Author : Anne Miltenburg Screen Reader : Supported Works with : Source : Status : Available | Last checked: 3 Hour ago! Size : 46,140 KB |
BRANDING 101
A SHORT HISTORY
Branding is an inherent human practice of all ages and all cultures, a way of showing who you are and what you stand for.
For ages, artists have signed their work in order to build their reputations. Silver and goldsmiths have developed marks of quality to instil trust. Knights and warriors were clad in the colours and symbols of their houses or tribes, proclaiming their allegiances, distinguishing them from the enemy, and advancing their reputations. The actual word 'branding' derives from the branding of cattle in the United States in the 19th century to show and prove ownership.
Branding as we know it today came of age during the Industrial Revolution. Large-scale production and faster logistics meant that the distance between producer and consumer grew.

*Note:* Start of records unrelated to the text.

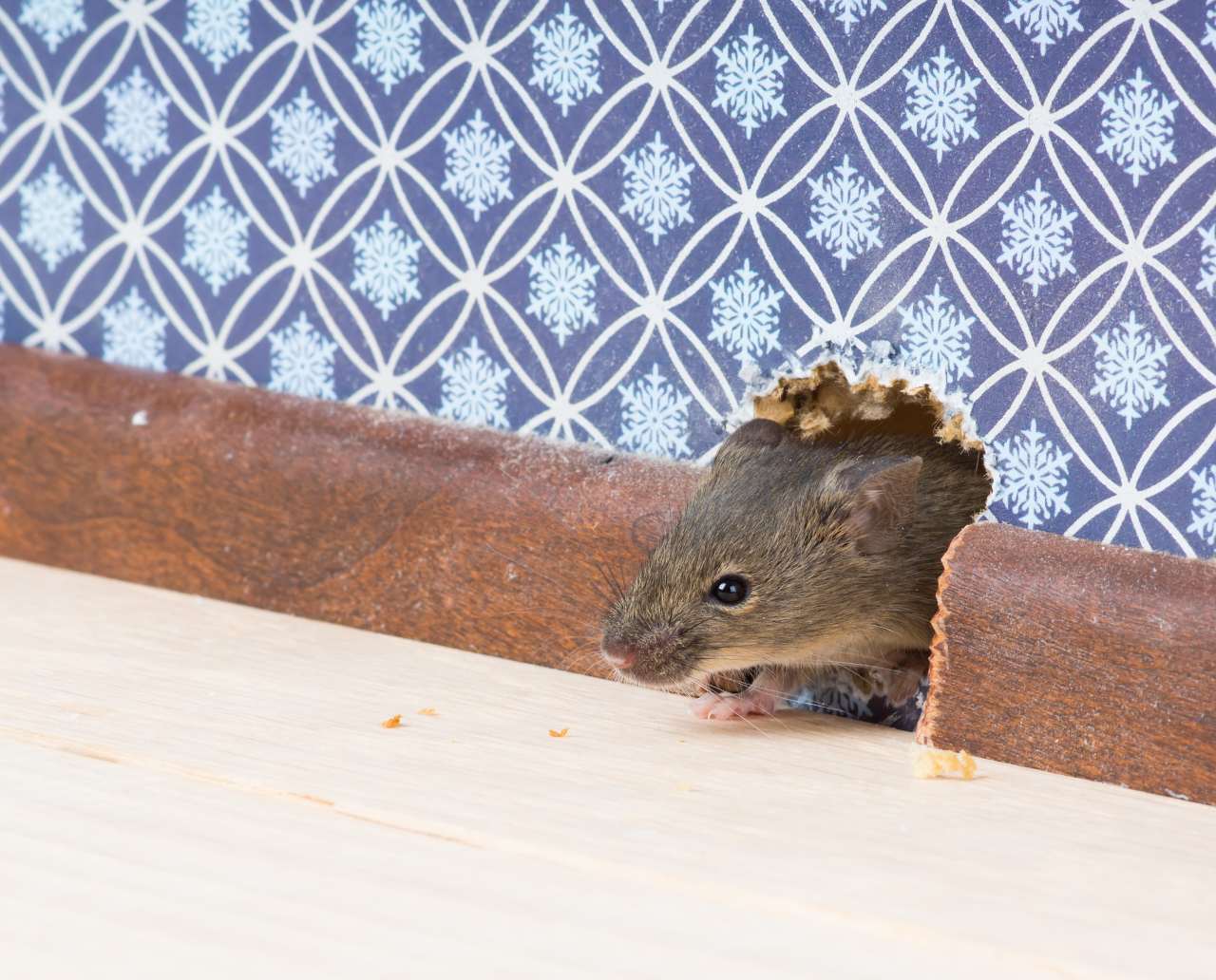 A brown mouse sticks its head out of a hole in a wall with blue and white wallpaper.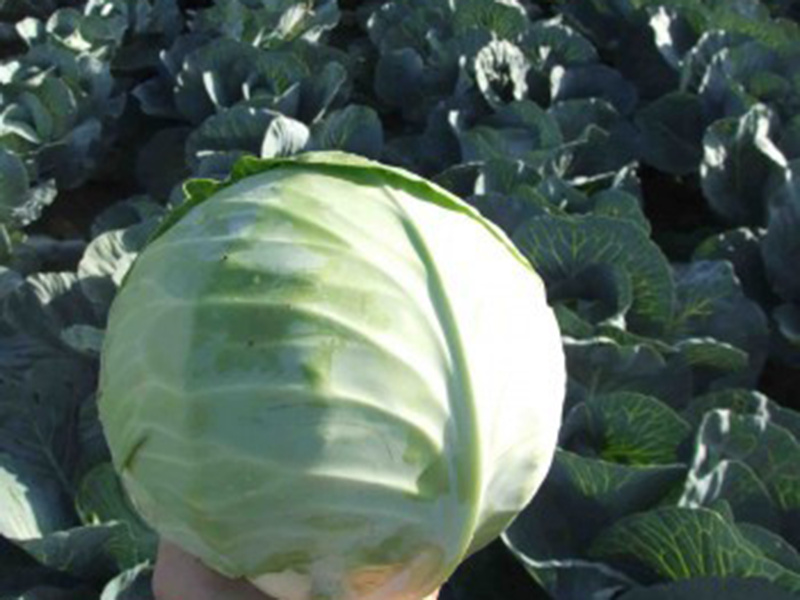 Kupus Aquarel F1 - srednje rani - Slika 1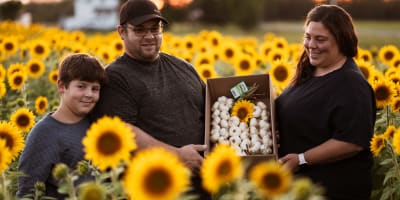 A family of farmers tending garlic in a sunflower field.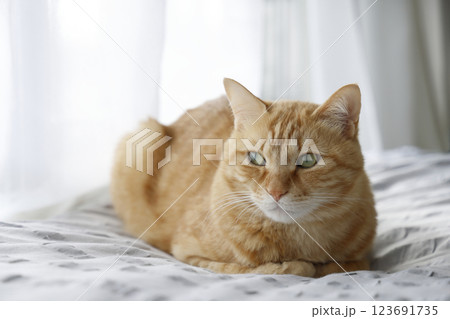 猫ちゃん親子の日常風景 猫ちゃん親子の日常風景 123691735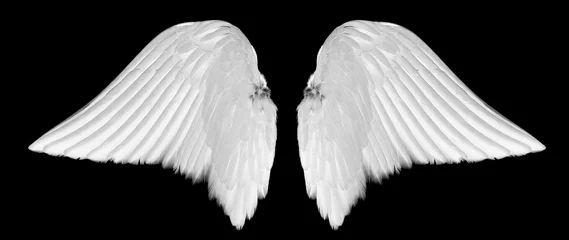 Fotobehang White angel wings isolated on black background © jakkapan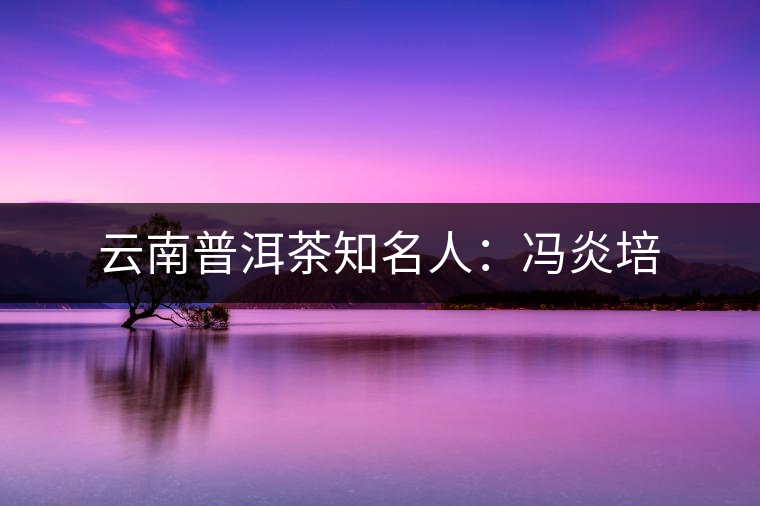 云南普洱茶知名人:馮炎培 云南普洱茶知名人:馮炎培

Word-of-mouth was no longer effective as a single tool for spreading a reputation. Especially for food, the safety and quality of products was a big question mark. Creating more recognisable identities for their products helped manufacturers build trust and loyalty.
By the mid-20th century, most manufacturers could no longer compete based purely on quality, as most goods on the market were roughly the same. So manufacturers had to develop another differentiating factor to make products stand out on the store shelf, a more emotional appeal, and advertising, marketing and branding came into their own. Today, branding is used by individuals, governments, activists, movements, political parties, products, services, scientists and celebrities to help guide people how to think and feel about them.
BRANDING: A DEFINITION
There have been a lot of books written on branding, and experts can argue about its exact definition until they are blue in the face. For the purpose of this book, we are defining branding as directing how other people think and feel about you.
Your brand is a catalyst that drives everything you do, from your actions to your communications, from your HR policy to choosing a new location for your office. Through your actions people will (unconsciously) build an archive of associations of your brand. By being aware of what you want to be recognised for by others and designing the right actions and communications which will build that recognition, you can actively guide how other people think and feel about you.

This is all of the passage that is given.